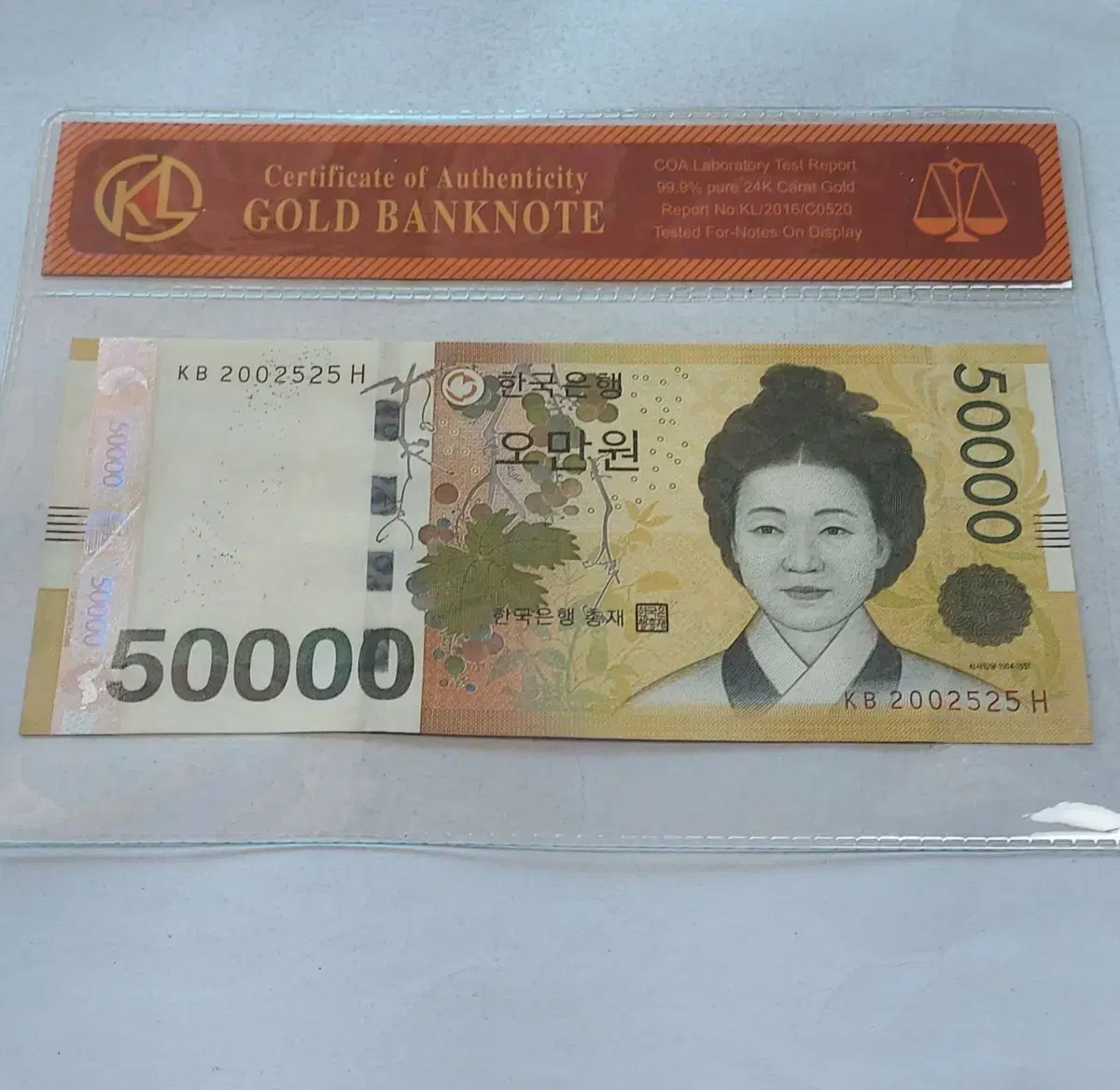 한국조폐공사 발행 50,000원권  2002년5월25일 생일노트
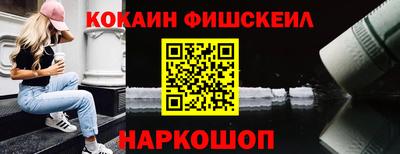 кристаллы Заволжье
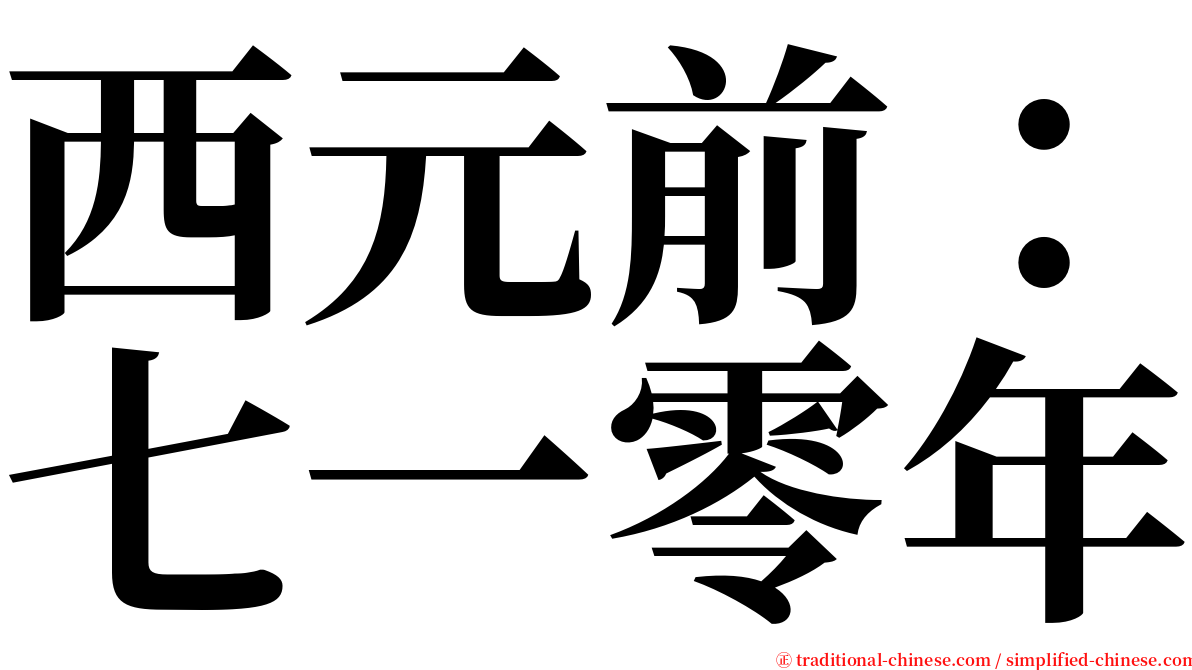 西元前：七一零年 serif font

....................

Type out the data above again exactly as written, minus the images.

 한국조폐공사 발행 50,000원권  2002년5월25일 생일노트
 кристаллы Заволжье
 西元前：七一零年 serif font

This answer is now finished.